→ **WHAT IS EXPECTED**: Could the listing below be reproduced exactly, minus its pictures?
── PROVIDED MATERIAL ──
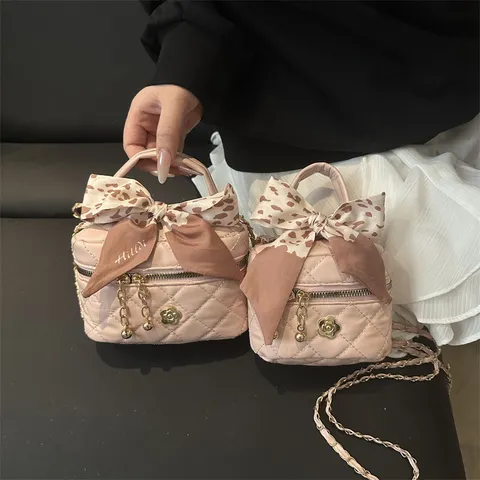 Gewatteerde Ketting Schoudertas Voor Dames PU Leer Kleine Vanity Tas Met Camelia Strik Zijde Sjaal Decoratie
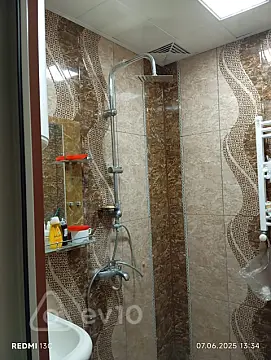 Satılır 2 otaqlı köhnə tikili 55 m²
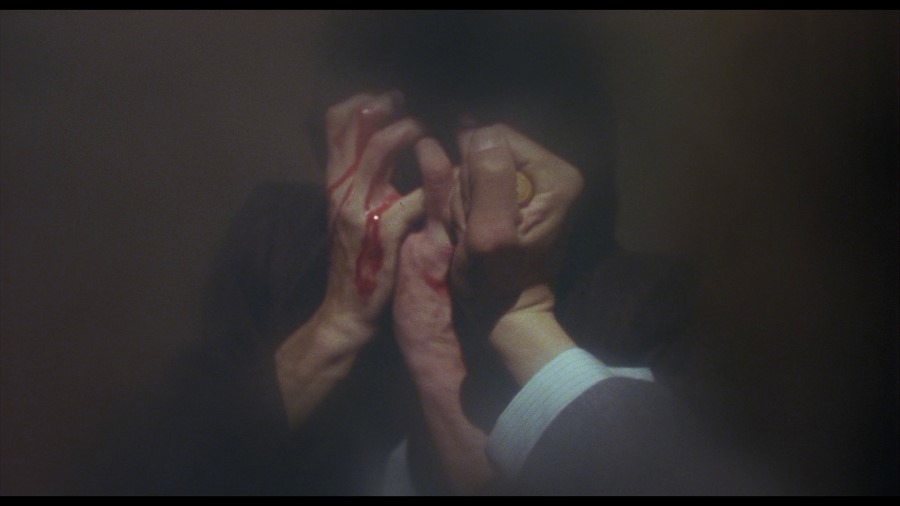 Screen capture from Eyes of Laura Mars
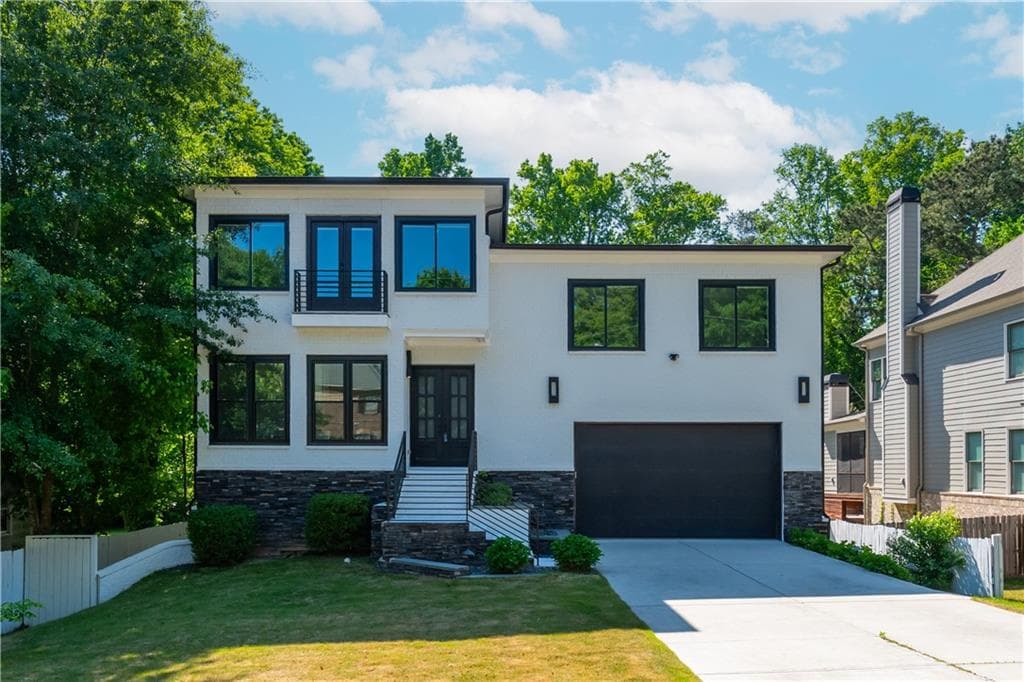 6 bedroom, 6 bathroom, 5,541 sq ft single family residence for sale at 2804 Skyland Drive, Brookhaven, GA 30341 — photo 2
───
→ **SOLUTION FOR THIS EXERCISE**:
 Gewatteerde Ketting Schoudertas Voor Dames PU Leer Kleine Vanity Tas Met Camelia Strik Zijde Sjaal Decoratie
 Satılır 2 otaqlı köhnə tikili 55 m²
 Screen capture from Eyes of Laura Mars
 6 bedroom, 6 bathroom, 5,541 sq ft single family residence for sale at 2804 Skyland Drive, Brookhaven, GA 30341 — photo 2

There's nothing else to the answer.